Lord, help me to be grateful for what I have, to remember that I don’t need most of what I want, and that joy is found in simplicity and generosity.

In chapter one, Hamilton observes that the American Dream has become the American Nightmare, as Americans strive to accumulate material things and do so by going deeper and deeper in debt. Jesus was tempted in this manner in Matthew 4.8-10 when Satan tempted him with the pursuit of wealth and power rather than the way of sacrificial love.

Satan is described as a thief who “comes to steal and kill and destroy” (John 10.10).

Hamilton writes:

If he can get you in debt, he can make you a slave.
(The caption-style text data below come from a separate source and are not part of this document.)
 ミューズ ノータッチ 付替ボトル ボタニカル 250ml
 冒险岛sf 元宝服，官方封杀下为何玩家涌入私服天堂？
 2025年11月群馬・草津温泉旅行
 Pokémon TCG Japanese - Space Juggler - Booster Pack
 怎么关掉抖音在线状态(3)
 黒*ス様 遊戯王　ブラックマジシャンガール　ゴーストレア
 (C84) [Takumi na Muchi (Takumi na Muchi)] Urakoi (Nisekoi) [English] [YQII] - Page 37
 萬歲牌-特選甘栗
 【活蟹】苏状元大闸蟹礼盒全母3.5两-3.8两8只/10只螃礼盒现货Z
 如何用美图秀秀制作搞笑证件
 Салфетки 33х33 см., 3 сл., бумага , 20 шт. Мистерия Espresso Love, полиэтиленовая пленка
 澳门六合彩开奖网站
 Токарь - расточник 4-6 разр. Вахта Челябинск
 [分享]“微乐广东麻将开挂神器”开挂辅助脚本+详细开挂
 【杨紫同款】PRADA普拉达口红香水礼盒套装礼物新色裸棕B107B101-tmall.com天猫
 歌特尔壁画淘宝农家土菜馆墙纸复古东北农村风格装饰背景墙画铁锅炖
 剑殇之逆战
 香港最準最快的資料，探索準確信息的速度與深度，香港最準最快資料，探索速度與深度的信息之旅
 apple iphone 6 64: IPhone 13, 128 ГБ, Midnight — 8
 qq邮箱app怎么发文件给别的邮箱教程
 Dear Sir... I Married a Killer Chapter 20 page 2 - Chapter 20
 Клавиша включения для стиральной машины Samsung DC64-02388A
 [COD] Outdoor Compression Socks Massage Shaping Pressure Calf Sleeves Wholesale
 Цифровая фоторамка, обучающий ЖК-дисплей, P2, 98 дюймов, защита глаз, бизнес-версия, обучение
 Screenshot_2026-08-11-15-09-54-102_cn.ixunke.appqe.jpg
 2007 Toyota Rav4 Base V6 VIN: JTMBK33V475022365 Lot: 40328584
If he can convince you to spend all you have, you’ll never offer your tithes to God, never help the poor as you could have, and never use what you do have to accomplish God’s purposes. If he can tempt you to become a slave to creditors, you will not know simplicity, generosity, or joy. He will have neutralized your effectiveness for the Kingdom and choked the gospel out of your life (22).

In the second part of John 10.10, Jesus says, “I came that they may have life, and have it abundantly.” Too often we equate the abundance of wealth and possessions as abundant life and a sign of God’s blessing.

Adam Hamilton challenges us to discover true abundant life and joy through simplicity and generosity. Hamilton’s balanced approach does not suggest that we never buy things for ourselves, but promises to grow our understanding of Christian stewardship and God’s will for our lives and living.